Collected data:
——————————

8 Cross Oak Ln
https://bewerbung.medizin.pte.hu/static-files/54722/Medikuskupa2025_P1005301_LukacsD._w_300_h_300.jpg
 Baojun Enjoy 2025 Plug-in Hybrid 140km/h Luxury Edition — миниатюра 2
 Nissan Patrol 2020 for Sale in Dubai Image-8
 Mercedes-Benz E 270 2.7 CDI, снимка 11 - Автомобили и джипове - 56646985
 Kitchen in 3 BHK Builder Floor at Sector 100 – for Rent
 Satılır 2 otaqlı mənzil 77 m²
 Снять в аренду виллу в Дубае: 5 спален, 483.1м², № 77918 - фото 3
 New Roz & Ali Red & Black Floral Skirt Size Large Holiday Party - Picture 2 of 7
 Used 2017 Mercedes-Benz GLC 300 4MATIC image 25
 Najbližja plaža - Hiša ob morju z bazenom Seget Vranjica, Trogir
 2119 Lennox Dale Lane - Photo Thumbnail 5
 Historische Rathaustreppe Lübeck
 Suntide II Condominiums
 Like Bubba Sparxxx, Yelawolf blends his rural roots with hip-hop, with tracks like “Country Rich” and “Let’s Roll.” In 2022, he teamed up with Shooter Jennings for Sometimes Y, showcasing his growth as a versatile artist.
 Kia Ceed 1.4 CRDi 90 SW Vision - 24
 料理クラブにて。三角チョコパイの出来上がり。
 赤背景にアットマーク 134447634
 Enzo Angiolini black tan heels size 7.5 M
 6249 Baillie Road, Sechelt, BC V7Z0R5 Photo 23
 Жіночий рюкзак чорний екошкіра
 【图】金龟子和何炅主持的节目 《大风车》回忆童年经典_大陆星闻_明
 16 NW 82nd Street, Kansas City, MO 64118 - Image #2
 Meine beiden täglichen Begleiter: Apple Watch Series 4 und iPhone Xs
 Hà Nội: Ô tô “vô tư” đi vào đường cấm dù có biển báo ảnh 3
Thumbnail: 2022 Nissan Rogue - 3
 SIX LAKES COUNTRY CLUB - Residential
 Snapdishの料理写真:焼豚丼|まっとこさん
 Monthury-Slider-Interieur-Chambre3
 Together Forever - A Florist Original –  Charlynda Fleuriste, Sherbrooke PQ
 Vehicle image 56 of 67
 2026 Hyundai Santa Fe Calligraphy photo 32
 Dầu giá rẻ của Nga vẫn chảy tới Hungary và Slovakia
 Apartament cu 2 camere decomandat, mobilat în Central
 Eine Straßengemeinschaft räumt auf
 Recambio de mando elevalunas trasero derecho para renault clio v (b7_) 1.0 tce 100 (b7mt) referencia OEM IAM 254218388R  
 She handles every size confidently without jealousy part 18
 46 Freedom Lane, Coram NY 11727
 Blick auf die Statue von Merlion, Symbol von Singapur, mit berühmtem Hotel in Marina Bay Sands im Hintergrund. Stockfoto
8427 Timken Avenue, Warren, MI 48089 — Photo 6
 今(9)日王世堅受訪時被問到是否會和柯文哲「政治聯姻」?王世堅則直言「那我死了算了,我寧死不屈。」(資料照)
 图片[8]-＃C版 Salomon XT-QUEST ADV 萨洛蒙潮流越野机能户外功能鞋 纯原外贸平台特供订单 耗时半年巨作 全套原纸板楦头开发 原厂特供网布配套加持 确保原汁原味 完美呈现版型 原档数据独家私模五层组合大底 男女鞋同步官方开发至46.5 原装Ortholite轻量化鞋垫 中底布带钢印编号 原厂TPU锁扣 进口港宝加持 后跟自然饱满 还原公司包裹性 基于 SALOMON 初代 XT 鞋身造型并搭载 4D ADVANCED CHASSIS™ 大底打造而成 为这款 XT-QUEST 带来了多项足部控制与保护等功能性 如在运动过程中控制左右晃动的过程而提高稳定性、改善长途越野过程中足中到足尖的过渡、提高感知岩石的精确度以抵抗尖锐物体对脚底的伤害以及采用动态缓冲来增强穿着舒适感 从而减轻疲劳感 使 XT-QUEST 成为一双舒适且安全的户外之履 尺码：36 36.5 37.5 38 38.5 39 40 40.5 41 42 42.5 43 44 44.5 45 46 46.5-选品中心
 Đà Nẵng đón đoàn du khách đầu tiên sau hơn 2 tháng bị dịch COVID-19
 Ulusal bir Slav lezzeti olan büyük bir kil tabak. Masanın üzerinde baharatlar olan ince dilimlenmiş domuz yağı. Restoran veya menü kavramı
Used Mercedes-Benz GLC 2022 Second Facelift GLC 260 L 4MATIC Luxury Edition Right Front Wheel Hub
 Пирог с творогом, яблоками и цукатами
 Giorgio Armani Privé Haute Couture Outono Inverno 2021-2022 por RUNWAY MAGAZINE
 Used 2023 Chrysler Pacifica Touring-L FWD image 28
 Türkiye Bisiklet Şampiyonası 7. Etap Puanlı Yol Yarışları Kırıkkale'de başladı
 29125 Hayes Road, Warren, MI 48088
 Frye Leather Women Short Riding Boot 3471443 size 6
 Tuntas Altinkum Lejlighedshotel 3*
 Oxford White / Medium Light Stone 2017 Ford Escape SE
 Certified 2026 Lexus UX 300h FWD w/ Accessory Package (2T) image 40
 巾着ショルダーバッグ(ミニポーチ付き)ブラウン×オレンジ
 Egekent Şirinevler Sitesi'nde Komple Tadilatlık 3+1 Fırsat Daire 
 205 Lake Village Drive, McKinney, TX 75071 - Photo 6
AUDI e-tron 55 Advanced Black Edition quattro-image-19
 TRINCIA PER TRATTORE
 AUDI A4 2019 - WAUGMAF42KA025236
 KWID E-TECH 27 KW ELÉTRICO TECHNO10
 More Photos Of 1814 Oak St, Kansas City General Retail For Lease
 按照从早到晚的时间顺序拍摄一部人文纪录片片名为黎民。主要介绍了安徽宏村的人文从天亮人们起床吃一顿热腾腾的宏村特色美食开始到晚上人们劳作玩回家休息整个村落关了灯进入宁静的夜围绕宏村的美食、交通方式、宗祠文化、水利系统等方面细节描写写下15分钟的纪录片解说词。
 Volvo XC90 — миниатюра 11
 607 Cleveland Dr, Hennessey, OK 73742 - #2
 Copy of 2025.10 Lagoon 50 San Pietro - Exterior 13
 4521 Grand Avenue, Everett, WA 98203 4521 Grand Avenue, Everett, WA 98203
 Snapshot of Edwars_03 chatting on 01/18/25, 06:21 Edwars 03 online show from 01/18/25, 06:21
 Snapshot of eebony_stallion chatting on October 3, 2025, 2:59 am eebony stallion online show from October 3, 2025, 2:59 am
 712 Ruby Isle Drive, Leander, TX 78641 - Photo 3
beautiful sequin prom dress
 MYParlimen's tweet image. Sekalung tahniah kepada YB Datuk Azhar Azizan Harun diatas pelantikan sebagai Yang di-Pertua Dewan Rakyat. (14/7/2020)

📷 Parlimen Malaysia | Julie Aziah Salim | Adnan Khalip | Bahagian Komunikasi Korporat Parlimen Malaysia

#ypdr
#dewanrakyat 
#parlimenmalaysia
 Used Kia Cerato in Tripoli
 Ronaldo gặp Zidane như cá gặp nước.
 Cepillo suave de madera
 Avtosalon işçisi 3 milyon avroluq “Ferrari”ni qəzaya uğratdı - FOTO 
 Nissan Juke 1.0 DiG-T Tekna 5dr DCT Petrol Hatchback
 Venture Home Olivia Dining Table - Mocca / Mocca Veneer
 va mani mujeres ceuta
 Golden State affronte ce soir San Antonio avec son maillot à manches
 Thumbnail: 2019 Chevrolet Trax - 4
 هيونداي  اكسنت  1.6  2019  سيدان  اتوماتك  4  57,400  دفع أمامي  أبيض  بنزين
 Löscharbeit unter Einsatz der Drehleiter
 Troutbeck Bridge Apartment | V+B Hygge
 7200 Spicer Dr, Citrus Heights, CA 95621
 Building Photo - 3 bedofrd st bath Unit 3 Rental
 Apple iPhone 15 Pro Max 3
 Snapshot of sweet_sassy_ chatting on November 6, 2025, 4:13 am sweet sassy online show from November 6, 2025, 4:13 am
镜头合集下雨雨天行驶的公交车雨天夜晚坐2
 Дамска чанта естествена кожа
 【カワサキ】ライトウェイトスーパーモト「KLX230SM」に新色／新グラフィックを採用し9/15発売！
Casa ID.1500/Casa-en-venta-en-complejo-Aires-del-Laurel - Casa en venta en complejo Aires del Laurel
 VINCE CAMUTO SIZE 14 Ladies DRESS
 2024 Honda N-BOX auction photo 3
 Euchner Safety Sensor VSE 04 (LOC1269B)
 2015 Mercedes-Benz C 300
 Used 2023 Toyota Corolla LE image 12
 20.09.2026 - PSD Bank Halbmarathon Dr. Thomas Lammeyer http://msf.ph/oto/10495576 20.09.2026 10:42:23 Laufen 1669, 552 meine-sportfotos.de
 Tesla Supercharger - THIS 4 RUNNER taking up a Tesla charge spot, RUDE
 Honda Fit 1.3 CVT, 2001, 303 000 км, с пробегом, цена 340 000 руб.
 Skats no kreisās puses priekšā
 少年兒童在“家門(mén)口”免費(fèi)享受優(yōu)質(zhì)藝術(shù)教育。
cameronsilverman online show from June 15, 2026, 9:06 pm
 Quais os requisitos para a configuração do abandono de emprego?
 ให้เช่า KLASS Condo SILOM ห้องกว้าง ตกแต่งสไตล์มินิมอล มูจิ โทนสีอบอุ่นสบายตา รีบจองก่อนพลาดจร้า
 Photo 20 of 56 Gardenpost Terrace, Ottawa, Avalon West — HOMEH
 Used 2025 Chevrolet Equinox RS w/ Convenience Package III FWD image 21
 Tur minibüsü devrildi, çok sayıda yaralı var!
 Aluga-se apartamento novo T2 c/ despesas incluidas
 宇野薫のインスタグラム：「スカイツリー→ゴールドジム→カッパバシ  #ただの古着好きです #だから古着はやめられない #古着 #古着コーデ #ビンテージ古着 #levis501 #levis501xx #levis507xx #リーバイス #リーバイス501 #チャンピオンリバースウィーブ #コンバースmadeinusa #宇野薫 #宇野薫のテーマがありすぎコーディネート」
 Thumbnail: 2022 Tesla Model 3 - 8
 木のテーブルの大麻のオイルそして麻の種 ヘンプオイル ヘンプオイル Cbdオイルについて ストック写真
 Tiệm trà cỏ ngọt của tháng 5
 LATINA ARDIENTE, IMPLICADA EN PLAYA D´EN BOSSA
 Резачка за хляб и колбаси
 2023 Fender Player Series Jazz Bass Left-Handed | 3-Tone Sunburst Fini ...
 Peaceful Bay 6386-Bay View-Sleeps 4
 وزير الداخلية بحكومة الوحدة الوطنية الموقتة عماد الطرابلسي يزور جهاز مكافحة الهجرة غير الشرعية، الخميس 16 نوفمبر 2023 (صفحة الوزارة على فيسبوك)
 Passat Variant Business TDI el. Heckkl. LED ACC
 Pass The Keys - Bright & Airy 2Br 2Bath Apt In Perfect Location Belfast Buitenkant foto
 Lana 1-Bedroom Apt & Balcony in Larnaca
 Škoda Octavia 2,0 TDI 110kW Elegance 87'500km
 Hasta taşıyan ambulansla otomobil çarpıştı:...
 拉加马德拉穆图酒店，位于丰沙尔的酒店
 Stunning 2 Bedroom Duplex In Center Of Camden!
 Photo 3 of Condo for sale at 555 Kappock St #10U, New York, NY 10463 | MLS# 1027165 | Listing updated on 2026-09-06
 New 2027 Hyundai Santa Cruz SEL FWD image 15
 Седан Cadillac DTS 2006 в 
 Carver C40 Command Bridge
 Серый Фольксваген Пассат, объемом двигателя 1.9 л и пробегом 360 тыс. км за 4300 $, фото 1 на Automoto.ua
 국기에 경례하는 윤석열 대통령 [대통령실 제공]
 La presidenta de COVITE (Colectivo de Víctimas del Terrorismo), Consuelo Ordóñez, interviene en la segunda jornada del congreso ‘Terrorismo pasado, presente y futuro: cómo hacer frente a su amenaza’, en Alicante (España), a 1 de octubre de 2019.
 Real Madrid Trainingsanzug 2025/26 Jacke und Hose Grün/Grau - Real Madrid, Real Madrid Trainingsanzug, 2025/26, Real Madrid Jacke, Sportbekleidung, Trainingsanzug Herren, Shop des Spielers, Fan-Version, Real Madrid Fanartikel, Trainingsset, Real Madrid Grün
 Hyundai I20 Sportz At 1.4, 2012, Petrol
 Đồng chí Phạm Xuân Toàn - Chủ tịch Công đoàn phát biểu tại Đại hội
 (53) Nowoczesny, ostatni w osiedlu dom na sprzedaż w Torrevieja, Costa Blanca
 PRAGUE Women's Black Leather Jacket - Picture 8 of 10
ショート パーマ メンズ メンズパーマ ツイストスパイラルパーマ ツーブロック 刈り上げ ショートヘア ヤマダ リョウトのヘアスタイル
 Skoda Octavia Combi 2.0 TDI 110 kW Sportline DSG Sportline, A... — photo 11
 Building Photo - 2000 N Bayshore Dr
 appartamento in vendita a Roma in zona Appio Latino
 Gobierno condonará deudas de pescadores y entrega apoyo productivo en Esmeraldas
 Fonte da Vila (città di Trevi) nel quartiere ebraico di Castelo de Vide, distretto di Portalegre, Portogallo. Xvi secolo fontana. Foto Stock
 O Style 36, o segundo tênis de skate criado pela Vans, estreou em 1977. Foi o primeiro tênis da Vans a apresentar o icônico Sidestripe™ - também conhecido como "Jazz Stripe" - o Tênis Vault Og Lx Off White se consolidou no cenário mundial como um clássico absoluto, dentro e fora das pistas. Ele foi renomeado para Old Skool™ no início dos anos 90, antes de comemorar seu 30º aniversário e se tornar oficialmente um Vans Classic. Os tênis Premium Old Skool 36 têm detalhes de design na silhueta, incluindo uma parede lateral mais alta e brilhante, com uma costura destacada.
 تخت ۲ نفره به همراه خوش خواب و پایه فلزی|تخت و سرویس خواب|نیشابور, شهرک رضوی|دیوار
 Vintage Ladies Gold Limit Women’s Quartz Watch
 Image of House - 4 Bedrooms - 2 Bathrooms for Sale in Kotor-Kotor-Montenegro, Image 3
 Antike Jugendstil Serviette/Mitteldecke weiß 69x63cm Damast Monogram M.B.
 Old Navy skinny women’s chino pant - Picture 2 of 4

——————————

Could you set down, word for word, only the lines above from the line with "Apartament cu 2" to the line with "8427 Timken Avenue, Warren, MI", including both?

→ **Written response**:
 Apartament cu 2 camere decomandat, mobilat în Central
 Eine Straßengemeinschaft räumt auf
 Recambio de mando elevalunas trasero derecho para renault clio v (b7_) 1.0 tce 100 (b7mt) referencia OEM IAM 254218388R  
 She handles every size confidently without jealousy part 18
 46 Freedom Lane, Coram NY 11727
 Blick auf die Statue von Merlion, Symbol von Singapur, mit berühmtem Hotel in Marina Bay Sands im Hintergrund. Stockfoto
8427 Timken Avenue, Warren, MI 48089 — Photo 6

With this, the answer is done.